* Task instructions
Retype all of the listing exactly, with no pictures.

* Supplied information
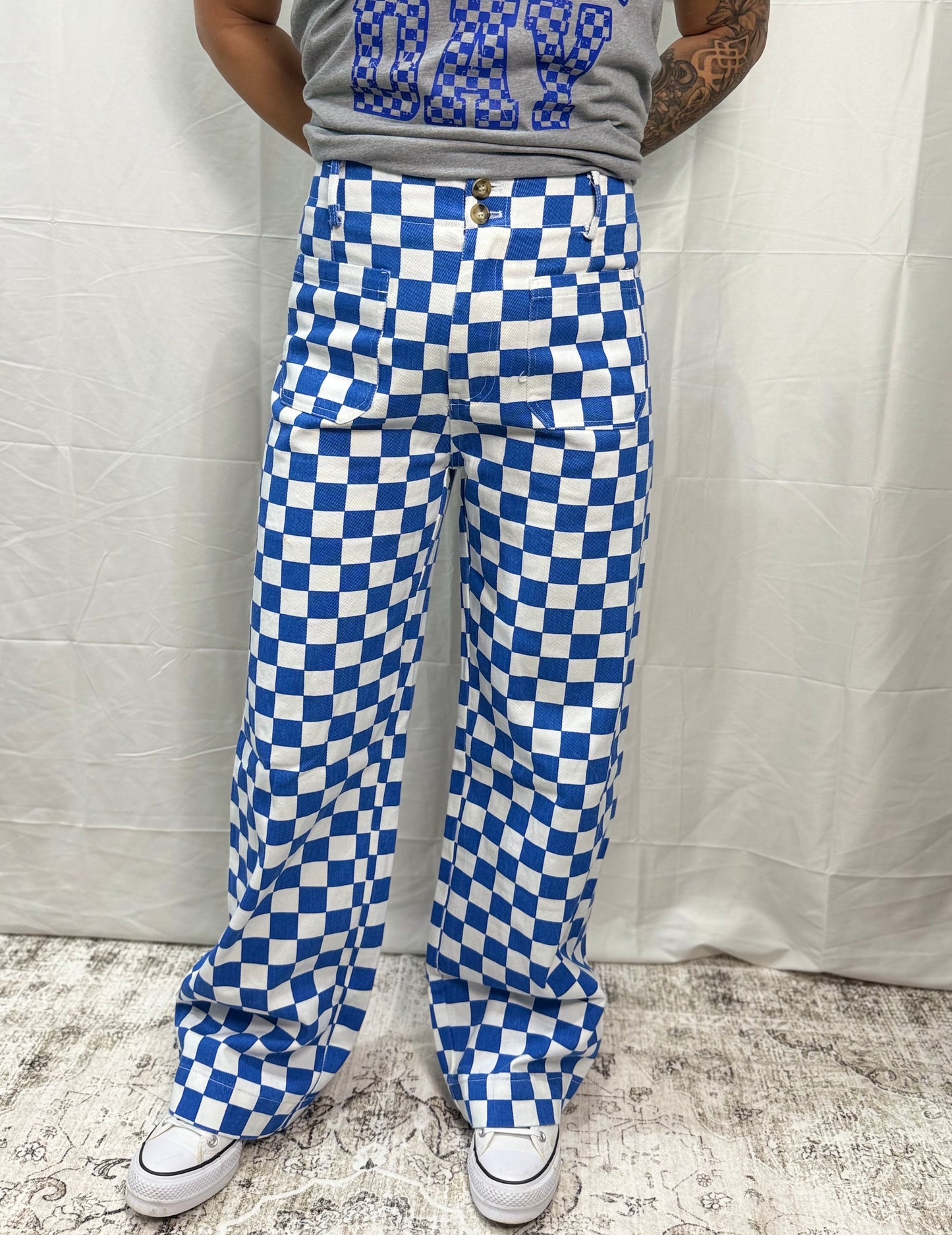 Demi Checkered Bottoms - BLUE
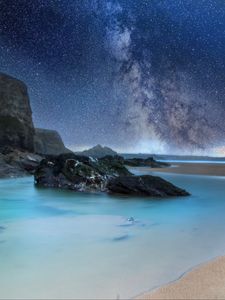 Preview wallpaper coast, sea, rocks, milky way, sand, night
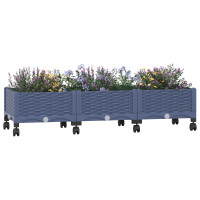 Produktbild för Trädgårdsplanterare med hjul Blå Grå 120 x 40 x 33 cm PP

* Exercise answer
 Demi Checkered Bottoms - BLUE
 Preview wallpaper coast, sea, rocks, milky way, sand, night
 Produktbild för Trädgårdsplanterare med hjul Blå Grå 120 x 40 x 33 cm PP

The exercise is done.